The entries below are to be returned as written, with all pictures dropped.

Image-text web data
——————————
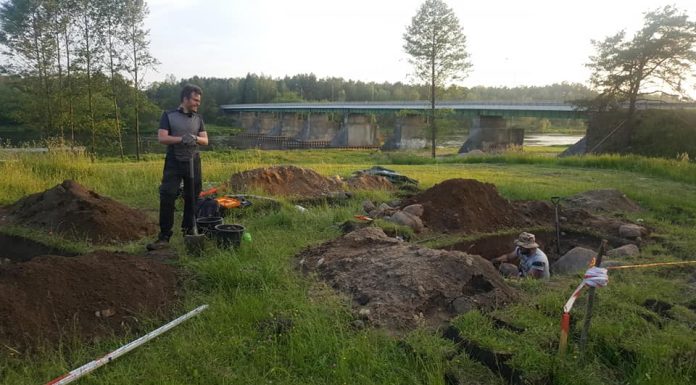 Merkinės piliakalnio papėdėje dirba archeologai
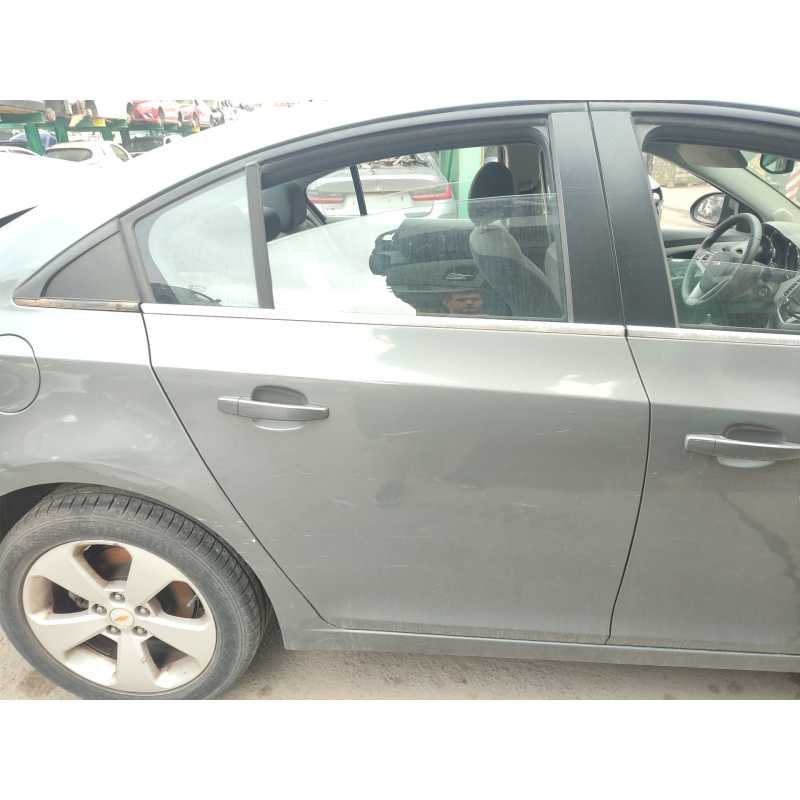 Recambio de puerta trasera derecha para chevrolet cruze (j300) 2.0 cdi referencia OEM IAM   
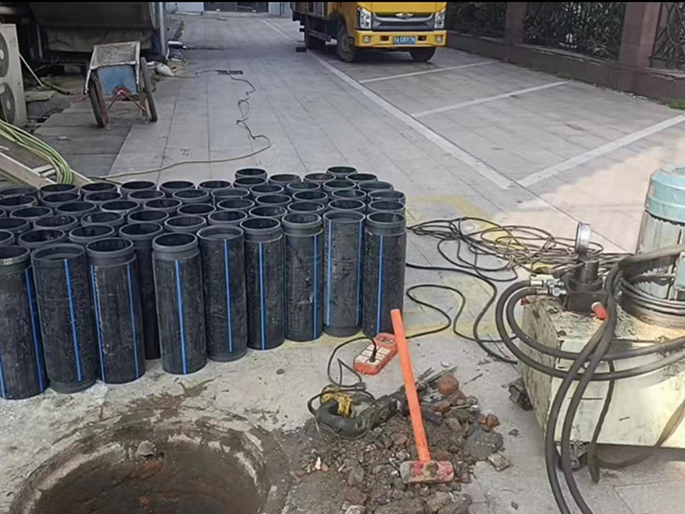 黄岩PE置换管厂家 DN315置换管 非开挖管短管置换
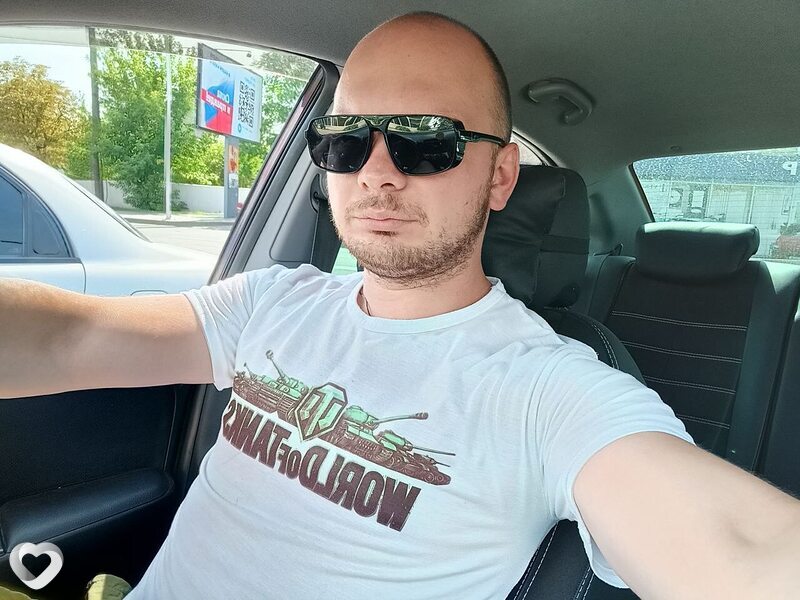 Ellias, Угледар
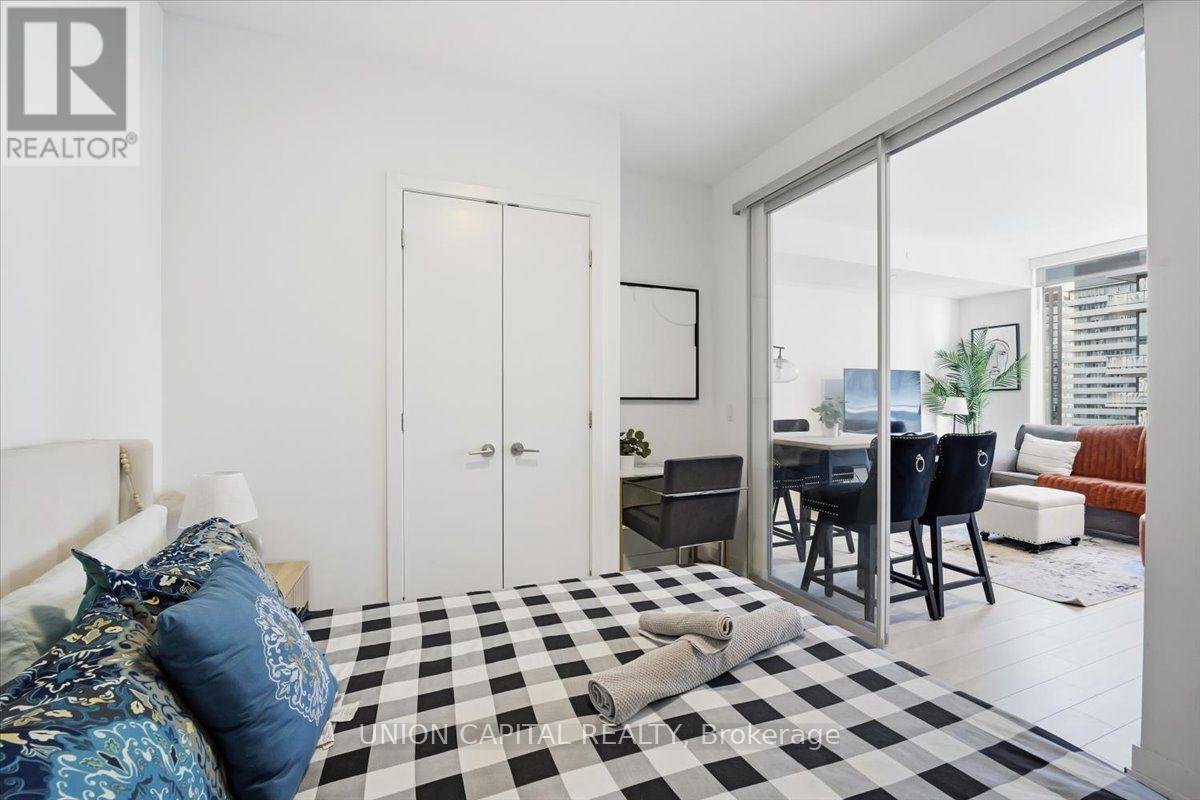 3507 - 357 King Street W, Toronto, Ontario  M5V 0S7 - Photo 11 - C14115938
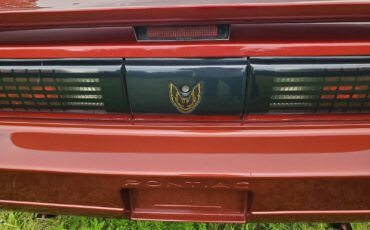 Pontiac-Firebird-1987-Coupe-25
——————————
- [Response area]
 Merkinės piliakalnio papėdėje dirba archeologai
 Recambio de puerta trasera derecha para chevrolet cruze (j300) 2.0 cdi referencia OEM IAM   
 黄岩PE置换管厂家 DN315置换管 非开挖管短管置换
 Ellias, Угледар
 3507 - 357 King Street W, Toronto, Ontario  M5V 0S7 - Photo 11 - C14115938
 Pontiac-Firebird-1987-Coupe-25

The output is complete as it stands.